China's currency devaluation might extend the current two-year stay in the penalty box for local currency bonds, the biggest segment of the emerging markets debt opportunity set, but growing interest in unconstrained fixed-income strategies could leave portfolio managers better positioned to buy them again when the current headwinds subside.
For emerging market debt, the past four or five years have been a two-part story, said Ashley Perrott, a managing director and head of pan-Asia fixed income with UBS Global Asset Management in Singapore.
The first part saw very strong demand for local currency bonds and solid demand for hard currency bonds as quantitative easing in the U.S. and a European banking crisis drew investors to the higher yields and stronger fundamentals offered by China and its Asian neighbors, he said.
But the taper tantrum of May 2013 — when the Federal Reserve's then-Chairman Ben Bernanke signaled the party would eventually come to an end — brought an abrupt reversal, with local currency bonds suffering the heaviest outflows, he said.
The dollar's gains in the past two years have robbed local currency bonds of a central selling point: that in addition to offering higher yields than hard currency bonds, investors could hope to pick up additional gains from the long-term appreciation of Asian currencies.
The years since the taper have been tough ones on the whole for emerging market debt, with local currency bonds bearing the brunt of outflows, simply out of concern with how local currencies would react, said Prashant Singh, Singapore-based managing director and lead portfolio manager (Asia) — emerging markets debt with Neuberger Berman Investment Management.
Still, interest in the broader asset class hasn't collapsed, said Mr. Singh. Instead, it has skewed to hard currency bonds denominated in developed market currencies such as the dollar, he said.
According to data from New York-based fixed-income boutique Stone Harbor Investment Partners, the local currency sovereign bond segment of the emerging markets debt opportunity set comes to $1.5 trillion, more than the hard currency sovereign bond segment, at $676 billion, and the corporate debt segment, at $809 billion, combined.
China's Aug. 11 devaluation, meanwhile, threatens to leave local currency bonds even more out of favor, as the country's importance as an export destination for other emerging markets would see declines in the renminbi dragging down the currencies of China's many trading partners, noted Mr.

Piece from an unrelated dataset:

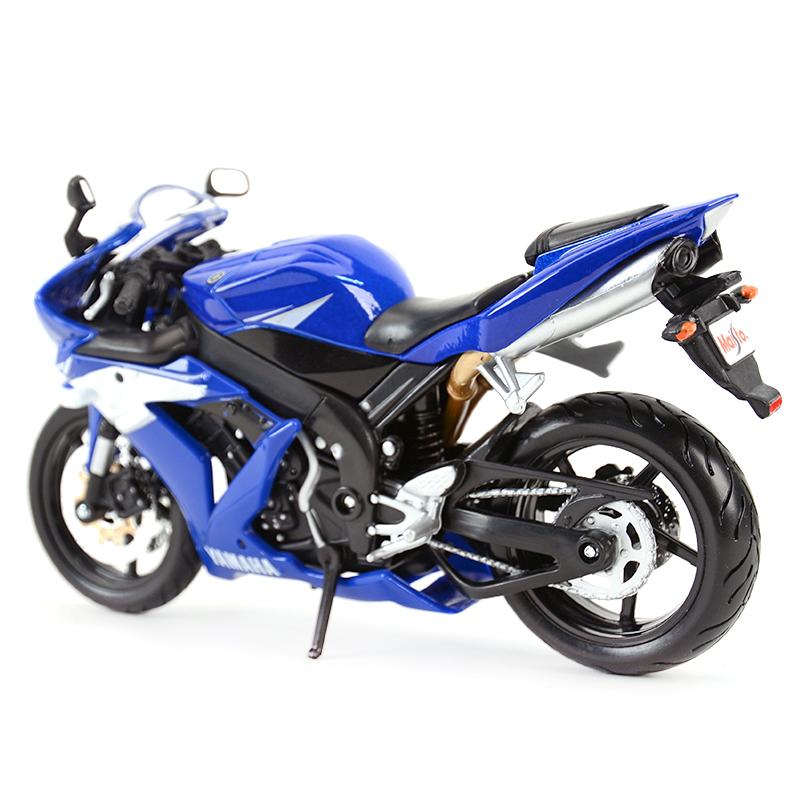 1/12 Yamaha YZF-R1 Die Cast Vehicles Collectible Hobbies Motorcycle Model Toys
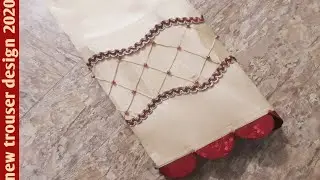 Stylish lace and beads Trouser/capri Design 2020  by||Alisha designing ( urdu,hindi)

Singh.
How much that dynamic comes into play “depends very much on the extent” of the renminbi's devaluation, and the consequent declines in currencies such as the Malaysian ringgit, the Korean won and the Taiwanese or Singapore dollars, said Robert Stewart, Hong Kong-based head of global fixed-income strategies with J.P. Morgan Asset Management.

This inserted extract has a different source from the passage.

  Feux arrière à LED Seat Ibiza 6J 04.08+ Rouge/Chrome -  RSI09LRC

Market veterans say it's too early to predict a reversal of fortunes that would focus interest again on local currency bonds.
“We're not quite at the stage of "the sky is always darkest just before dawn,'” as a number of headwinds remain, said Mark Evans, a London-based investment analyst, emerging market debt and currency, with Investec Asset Management.
It's “too early to call the end of this,” agreed J.P. Morgan's Mr. Stewart, noting a number of themes — including China's slowing growth and the dollar's strengthening — have yet to fully play out. Local currency bonds could remain out of favor for a few more years, he said.
Even so, Paul Timlin, Stone Harbor's London-based head of global sales, said interest in local currency debt, and emerging market debt broadly, remains significant. In light of current headwinds, however, some investors with local currency allocations and others contemplating initial allocations are focusing more on unconstrained, or blended, strategies that allow portfolio managers to decide which segment of the market to favor at any given time.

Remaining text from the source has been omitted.